* **TASK**
Give the data again exactly, without its images.

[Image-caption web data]
#####
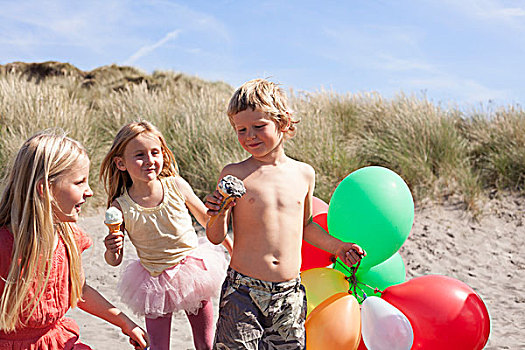 三个孩子,吃,冰淇淋,海滩,气球,威尔士,英国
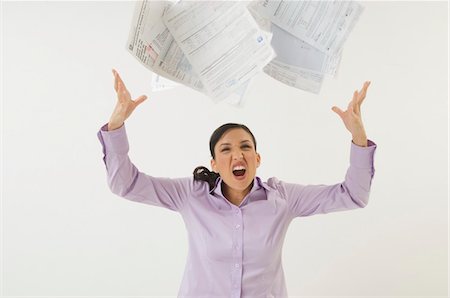 frustrated bill - Woman Tossing Forms in the Air Stock Photo - Premium Royalty-Free, Code: 694-03329464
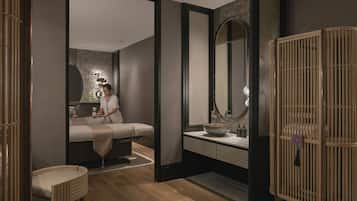 Bathroom features a large mirror, wooden vanity with a bowl sink, and a separate shower area.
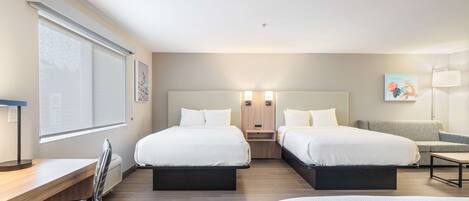 A hotel room with two beds, a desk, a chair, a sofa, and a window with blinds.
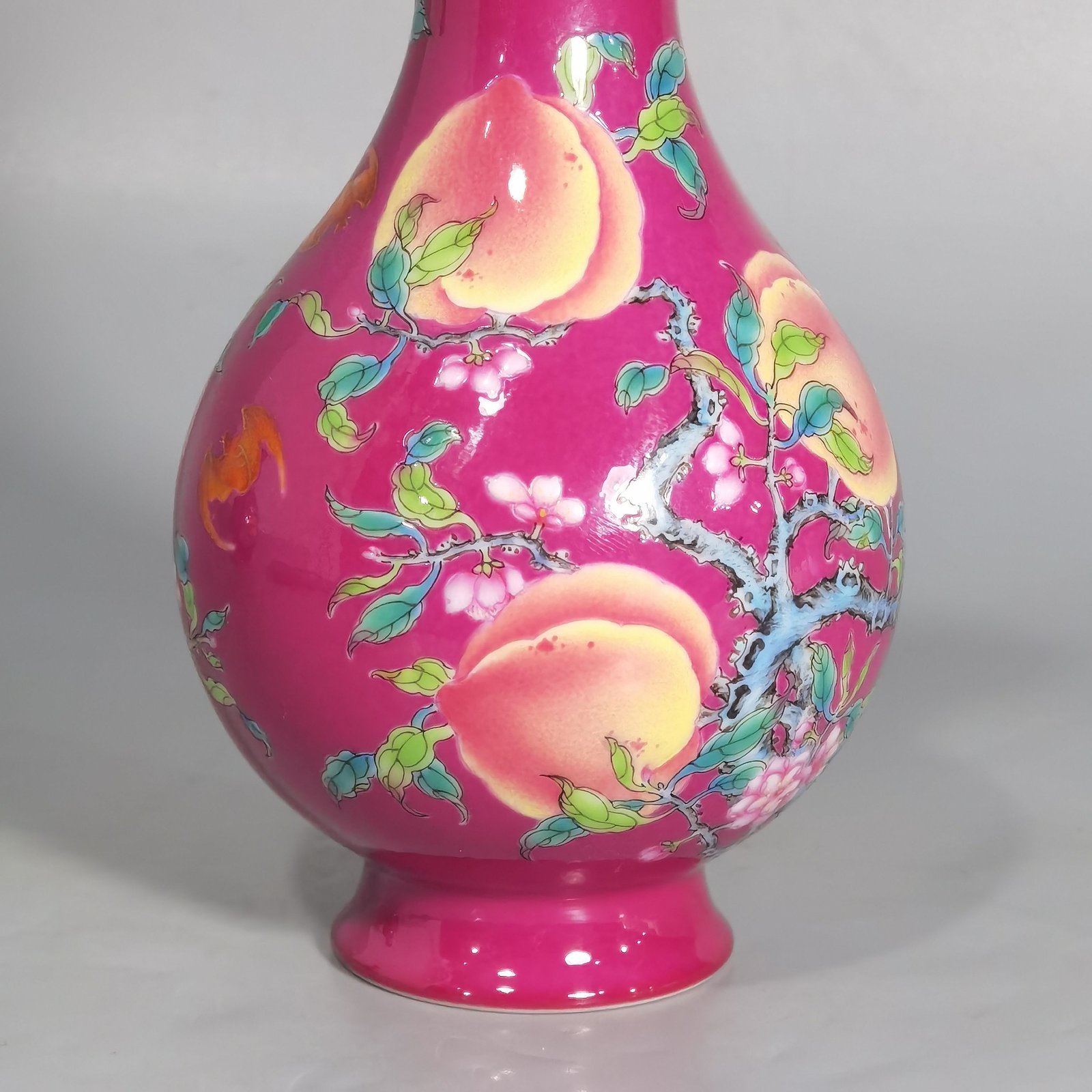 Qing Dynasty Yongzheng A pair of rouge ground pastel eight peach and five blessing vases during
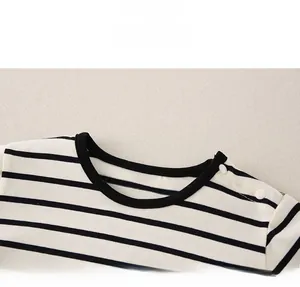 Close-up of the cotton striped baby top featuring a round neck and shoulder buttons
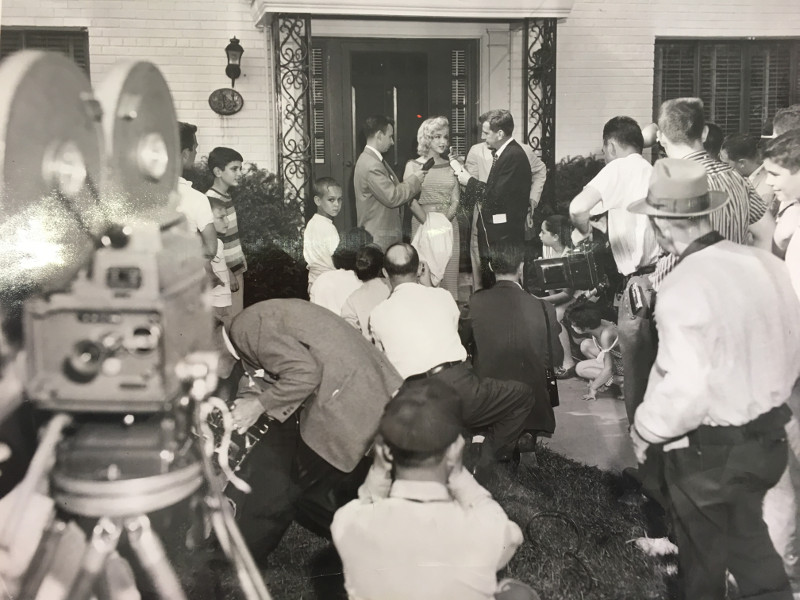 Marilyn Monroe stands on the front walk of 3625 Appleton Street NW in Forest Hills, Washington DC, holding a brief press conference surrounded by neighborhood children on May 23, 1957.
#####
* **TASK RESPONSE**
 三个孩子,吃,冰淇淋,海滩,气球,威尔士,英国
 frustrated bill - Woman Tossing Forms in the Air Stock Photo - Premium Royalty-Free, Code: 694-03329464
 Bathroom features a large mirror, wooden vanity with a bowl sink, and a separate shower area.
 A hotel room with two beds, a desk, a chair, a sofa, and a window with blinds.
 Qing Dynasty Yongzheng A pair of rouge ground pastel eight peach and five blessing vases during
 Close-up of the cotton striped baby top featuring a round neck and shoulder buttons
 Marilyn Monroe stands on the front walk of 3625 Appleton Street NW in Forest Hills, Washington DC, holding a brief press conference surrounded by neighborhood children on May 23, 1957.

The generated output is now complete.